Work task
Please repeat the entries word for word and keep the images out.

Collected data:
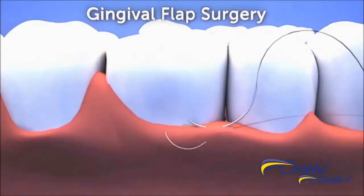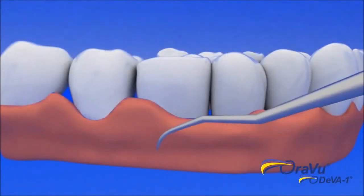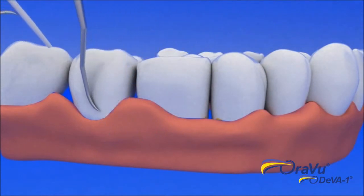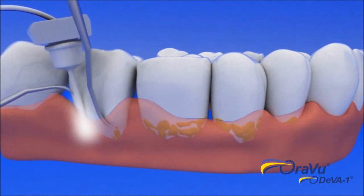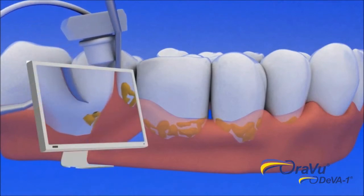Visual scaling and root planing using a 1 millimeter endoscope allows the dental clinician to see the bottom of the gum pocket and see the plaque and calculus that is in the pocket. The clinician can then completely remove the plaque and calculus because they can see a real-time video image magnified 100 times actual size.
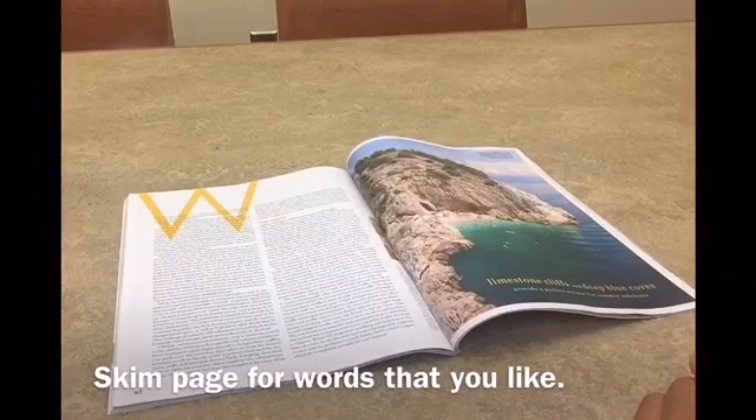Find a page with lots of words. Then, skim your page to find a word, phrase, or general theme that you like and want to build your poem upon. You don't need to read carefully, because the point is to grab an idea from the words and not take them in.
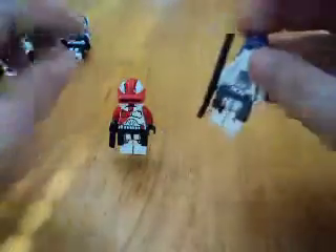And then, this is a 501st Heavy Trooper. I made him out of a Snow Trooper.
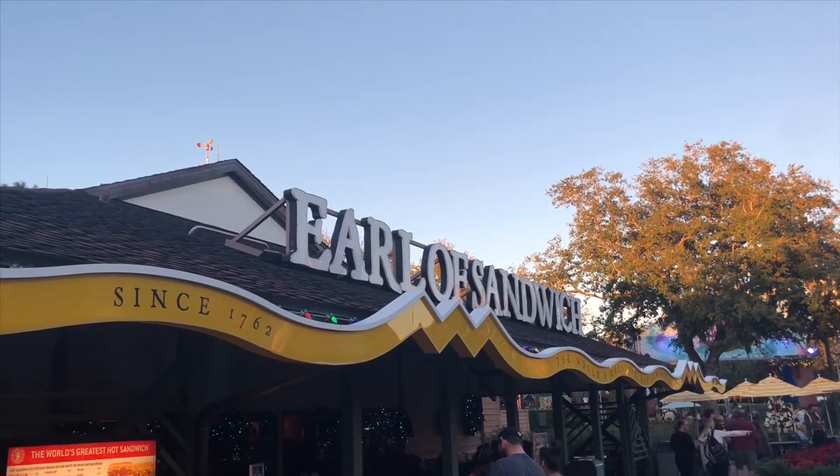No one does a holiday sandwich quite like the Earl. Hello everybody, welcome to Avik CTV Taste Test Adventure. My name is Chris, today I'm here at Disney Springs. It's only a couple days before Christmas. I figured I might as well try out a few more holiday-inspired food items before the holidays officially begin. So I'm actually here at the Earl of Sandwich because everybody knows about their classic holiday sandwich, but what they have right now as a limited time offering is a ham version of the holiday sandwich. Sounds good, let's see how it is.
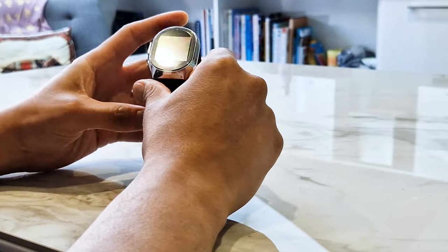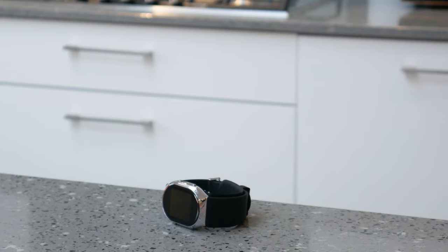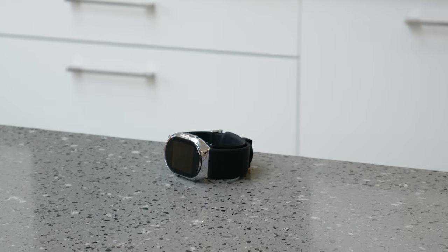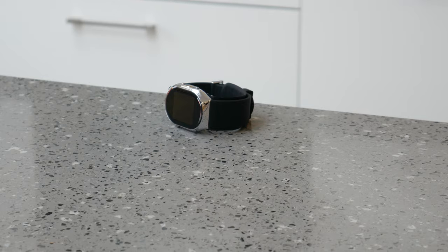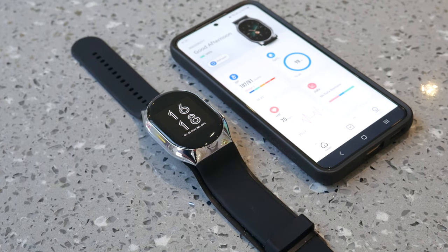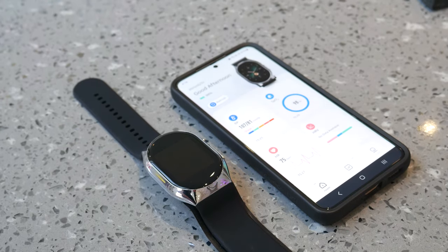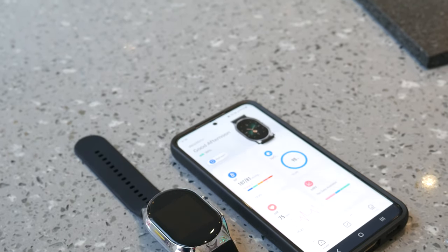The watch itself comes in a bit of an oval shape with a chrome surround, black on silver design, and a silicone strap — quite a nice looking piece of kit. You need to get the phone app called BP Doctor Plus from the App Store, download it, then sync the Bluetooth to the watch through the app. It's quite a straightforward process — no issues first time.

Result of the task
Visual scaling and root planing using a 1 millimeter endoscope allows the dental clinician to see the bottom of the gum pocket and see the plaque and calculus that is in the pocket. The clinician can then completely remove the plaque and calculus because they can see a real-time video image magnified 100 times actual size.
Find a page with lots of words. Then, skim your page to find a word, phrase, or general theme that you like and want to build your poem upon. You don't need to read carefully, because the point is to grab an idea from the words and not take them in.
And then, this is a 501st Heavy Trooper. I made him out of a Snow Trooper.
No one does a holiday sandwich quite like the Earl. Hello everybody, welcome to Avik CTV Taste Test Adventure. My name is Chris, today I'm here at Disney Springs. It's only a couple days before Christmas. I figured I might as well try out a few more holiday-inspired food items before the holidays officially begin. So I'm actually here at the Earl of Sandwich because everybody knows about their classic holiday sandwich, but what they have right now as a limited time offering is a ham version of the holiday sandwich. Sounds good, let's see how it is.
The watch itself comes in a bit of an oval shape with a chrome surround, black on silver design, and a silicone strap — quite a nice looking piece of kit. You need to get the phone app called BP Doctor Plus from the App Store, download it, then sync the Bluetooth to the watch through the app. It's quite a straightforward process — no issues first time.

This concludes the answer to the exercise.